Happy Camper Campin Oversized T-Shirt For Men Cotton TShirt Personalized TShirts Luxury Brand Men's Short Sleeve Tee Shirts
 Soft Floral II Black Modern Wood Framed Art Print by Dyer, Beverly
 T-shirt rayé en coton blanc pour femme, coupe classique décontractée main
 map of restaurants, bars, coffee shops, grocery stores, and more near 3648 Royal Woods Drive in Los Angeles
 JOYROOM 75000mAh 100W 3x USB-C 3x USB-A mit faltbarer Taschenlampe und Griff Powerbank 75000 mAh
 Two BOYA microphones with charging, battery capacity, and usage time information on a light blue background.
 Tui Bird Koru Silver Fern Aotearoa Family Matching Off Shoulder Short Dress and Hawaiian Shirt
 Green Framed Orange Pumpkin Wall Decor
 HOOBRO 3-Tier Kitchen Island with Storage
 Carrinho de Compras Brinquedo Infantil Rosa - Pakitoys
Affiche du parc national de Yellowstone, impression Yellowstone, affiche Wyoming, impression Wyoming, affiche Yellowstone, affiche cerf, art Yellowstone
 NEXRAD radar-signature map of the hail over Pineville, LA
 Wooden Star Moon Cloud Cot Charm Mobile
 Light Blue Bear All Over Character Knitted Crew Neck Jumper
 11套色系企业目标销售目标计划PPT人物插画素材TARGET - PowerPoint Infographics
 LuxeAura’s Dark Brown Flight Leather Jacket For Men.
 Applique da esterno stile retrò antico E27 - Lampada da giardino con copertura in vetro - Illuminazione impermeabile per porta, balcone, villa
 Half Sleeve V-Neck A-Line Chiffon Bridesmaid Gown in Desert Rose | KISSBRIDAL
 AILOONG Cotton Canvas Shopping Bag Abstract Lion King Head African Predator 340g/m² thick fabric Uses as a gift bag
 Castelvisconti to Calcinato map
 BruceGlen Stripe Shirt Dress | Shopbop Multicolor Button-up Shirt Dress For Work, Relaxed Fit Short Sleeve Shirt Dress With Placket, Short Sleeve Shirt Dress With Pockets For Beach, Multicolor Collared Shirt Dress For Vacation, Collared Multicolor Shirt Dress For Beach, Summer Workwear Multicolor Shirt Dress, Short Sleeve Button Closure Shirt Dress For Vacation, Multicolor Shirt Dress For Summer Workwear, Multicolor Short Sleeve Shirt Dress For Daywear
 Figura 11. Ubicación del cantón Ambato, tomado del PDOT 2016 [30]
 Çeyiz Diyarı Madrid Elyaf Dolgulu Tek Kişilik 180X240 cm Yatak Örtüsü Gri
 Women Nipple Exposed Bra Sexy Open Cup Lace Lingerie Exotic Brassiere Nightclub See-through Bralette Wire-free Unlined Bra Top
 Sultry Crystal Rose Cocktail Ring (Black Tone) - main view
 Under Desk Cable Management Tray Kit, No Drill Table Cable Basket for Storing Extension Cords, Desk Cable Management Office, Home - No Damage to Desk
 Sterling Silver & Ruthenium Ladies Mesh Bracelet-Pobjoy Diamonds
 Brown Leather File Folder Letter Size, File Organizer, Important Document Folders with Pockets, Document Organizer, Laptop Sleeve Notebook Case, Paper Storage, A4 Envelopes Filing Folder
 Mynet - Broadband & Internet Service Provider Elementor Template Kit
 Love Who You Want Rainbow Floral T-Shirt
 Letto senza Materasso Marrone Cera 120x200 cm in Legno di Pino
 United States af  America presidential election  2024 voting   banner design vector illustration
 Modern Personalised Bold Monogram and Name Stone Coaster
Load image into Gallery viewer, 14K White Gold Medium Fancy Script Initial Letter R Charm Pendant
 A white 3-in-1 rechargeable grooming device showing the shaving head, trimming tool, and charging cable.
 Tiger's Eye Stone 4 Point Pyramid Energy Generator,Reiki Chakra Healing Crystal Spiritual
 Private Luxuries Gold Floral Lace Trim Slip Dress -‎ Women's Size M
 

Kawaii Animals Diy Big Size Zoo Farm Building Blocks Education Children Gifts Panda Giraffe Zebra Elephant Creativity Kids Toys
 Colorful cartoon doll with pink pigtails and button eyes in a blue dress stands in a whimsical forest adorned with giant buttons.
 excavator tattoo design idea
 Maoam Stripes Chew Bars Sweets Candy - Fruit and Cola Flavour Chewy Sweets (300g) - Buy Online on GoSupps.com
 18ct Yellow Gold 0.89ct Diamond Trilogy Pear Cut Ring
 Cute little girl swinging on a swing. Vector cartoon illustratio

◆ EXERCISE AIM ◆
Wherever a line in the data above holds "Silver", copy that line.

◆ ANSWER TO THE PROBLEM ◆
 Tui Bird Koru Silver Fern Aotearoa Family Matching Off Shoulder Short Dress and Hawaiian Shirt
 Sterling Silver & Ruthenium Ladies Mesh Bracelet-Pobjoy Diamonds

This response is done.